High Expression of Macrophage Colony‐Stimulating Factor‐1 Receptor in Peritumoral Liver Tissue Is Associated with Poor Outcome in Hepatocellular Carcinoma After Curative Resection
Author(s) -
Jia JinBin,
Wang WenQuan,
Sun HuiChuan,
Zhu XiaoDong,
Liu Liang,
Zhuang PengYuan,
Zhang JuBo,
Zhang Wei,
Xu HuaXiang,
Kong LingQun,
Lu Lu,
Wu WeiZhong,
Wang Lu,
Tang ZhaoYou
Publication year - 2010
Publication title -
the oncologist
Language(s) - English
Resource type - Journals
SCImago Journal Rank - 2.176
H-Index - 164
eISSN - 1549-490X
pISSN - 1083-7159
DOI - 10.1634/theoncologist.2009-0170
Subject(s) - medicine , hepatocellular carcinoma , tissue microarray , immunohistochemistry , pathology , hepatectomy , intrahepatic cholangiocarcinoma , metastasis , oncology , gastroenterology , cancer , resection , surgery
Background. Macrophage colony‐stimulating factor 1 receptor (CSF‐1R) expression in hepatocellular carcinoma (HCC) and its prognostic values are unclear. This study evaluated the prognostic values of the intratumoral and peritumoral expression of CSF‐1R in HCC patients after curative resection. Methods. Tissue microarrays containing material from cohort 1 (105 patients) and cohort 2 (32 patients) were constructed. Immunohistochemistry was performed and prognostic values of these and other clinicopathological data were evaluated. The CSF‐1R mRNA level was assessed by quantitative real‐time polymerase chain reaction in cohort 3 (52 patients). Results. Both the CSF‐1R density and its mRNA level were significantly higher in peritumoral liver tissue than in the corresponding tumor tissue.
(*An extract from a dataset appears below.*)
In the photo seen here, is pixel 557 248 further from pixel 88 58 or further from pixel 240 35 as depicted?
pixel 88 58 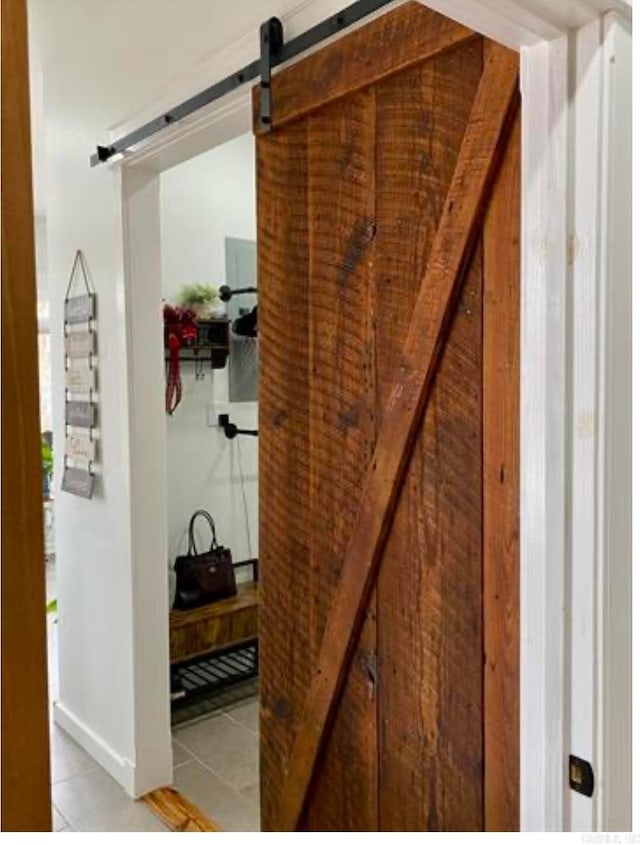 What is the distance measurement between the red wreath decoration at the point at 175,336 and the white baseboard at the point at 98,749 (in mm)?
1416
CSF‐1R was distributed in a gradient in the long‐distance peritumoral tissue microarray, with its density decreasing as the distance from the tumor margin increased. High peritumoral CSF‐1R was significantly associated with more intrahepatic metastases and poorer survival. Peritumoral CSF‐1R was an independent prognostic factor for both overall survival and time to recurrence and affected the incidence of early recurrence. However, intratumoral CSF‐1R did not correlate with any clinicopathological feature. Peritumoral CSF‐1R was also associated with both overall survival and time to recurrence in a subgroup with small HCCs (≤5 cm). Conclusions. Peritumoral CSF‐1R is associated with intrahepatic metastasis, tumor recurrence, and patient survival after hepatectomy, highlighting the critical role of the peritumoral liver milieu in HCC progression. CSF‐1R may become a potential therapeutic target for postoperative adjuvant treatment.